Although this tends not to be well known among the general population, most of the interface designs (in a broader sense of interface) that are now ubiquitous began in direct response to a special need. These include the invention of the typewriter and modern computer keyboard, the invention of sound recording devices like the phonograph, long-playing records that evolved into CDs and now MP3 files, and the remote control (the number of which in the US now exceeds the total number). Even the telephone, a communication device with an enormous effect on humankind, was invented as a means of transmitting the human voice at a distance for the hearing impaired. In 1872 Alexander Graham Bell founded the school for “deaf-mutes” in Boston, now part of Boston University. The invention of both the telephone and the first phonograph were initially motivated as solutions to the problems of populations with special needs.

figure 1

Fig 1: Alexander Graham Bell speaking into the first telephone compared to the modern mobile phone

One of the underlying premises of this paper is that good interface designs tend to be the ones that are usable by the broadest segment of the population. This idea is not new although it tends to be forgotten because of our fascination with new technological capabilities. The success of Kodak’s “point-and-shoot” camera, and now the Flip digital camcorder, was due to its simple interface colloquially referred to as “idiot proof”. The old advertising slogan “so simple that even a child can use it” reflects another important insight. In many respects young children, just like the growing population of elderly or non-native speakers of a specific language, can be viewed as a special needs population. Young children lack sophisticated cognitive skills, have problems with fine motor control, are preliterate, and have a short attention span. All of these characteristics make them ideal “testers” of interface solutions. In other words, if a particular interface design is accessible to young children, then it is also accessible to the rest of the population. Many of the interface solutions that will be discussed in this paper initially started as design solutions for children.

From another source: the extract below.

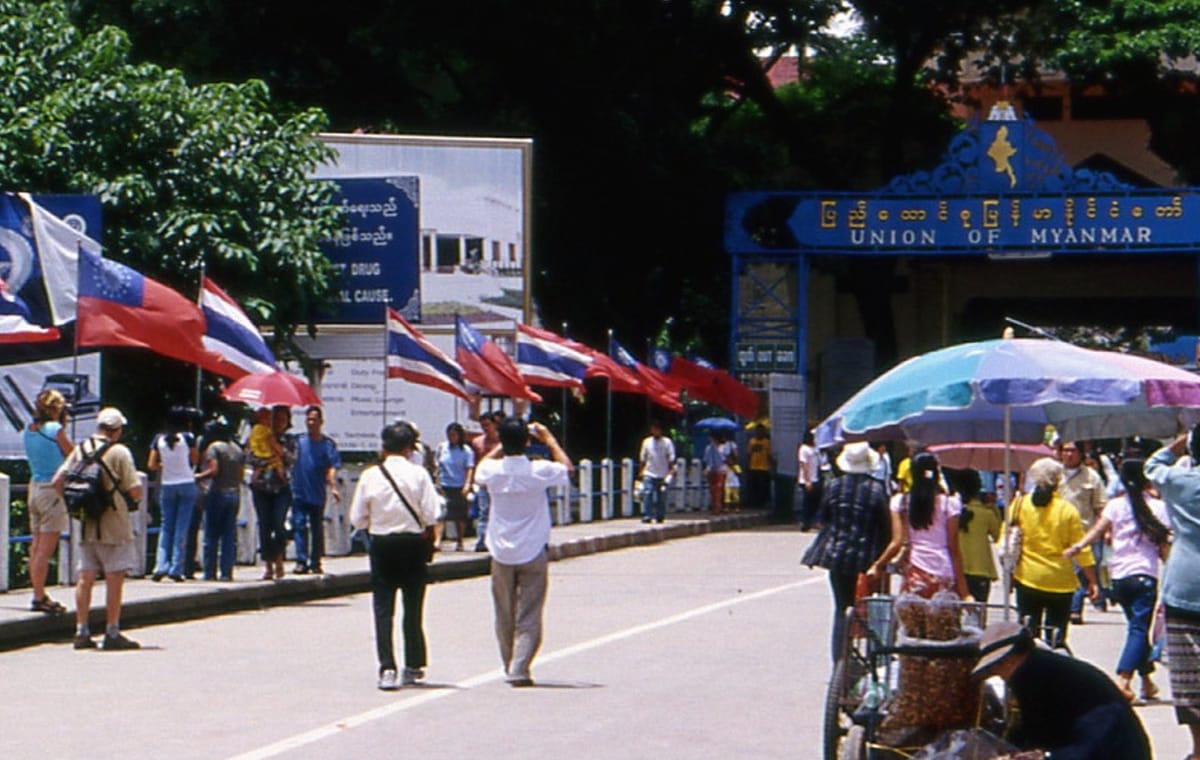 Myanmar Border-Crossing & Mae Khong River Cruise Tour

In approaching interface design for any population the usual question one may ask is:

What characteristics of the target population are most relevant for the design process?

and, assuming that one has come up with a satisfactory answer to the first question, the next one is:

What is the goal of a particular interface design?

It is possible to answer the first question by listing a number of descriptive characteristics of potential users; for example, the quality of their attention span, short-term memory retention, etc. One of the problems with this approach is that the list is potentially endless. The reason for this is not only because of the possible number of characteristics one could take into account, but also because of the qualitative and quantitative differences which emerge as a function of age. Another problem that often occurs while focusing on a set of specific characteristics is the tendency to forget 'the big picture' and the context in which the particular application will be used. By saying this, I don't mean that knowing these characteristics is not important. On the contrary, taking into account the particulars of users’ perceptual, cognitive and motor abilities is essential for good design. However, the full value of knowing these details comes out only in approaches where users’ activities are viewed in a broader social context. This means that answering the second question will dramatically influence design strategy. For example, if the goal of a particular interface is to transfer certain knowledge or facts, this design will be very different from one with a goal to enable free exploration and “learning through discovery”.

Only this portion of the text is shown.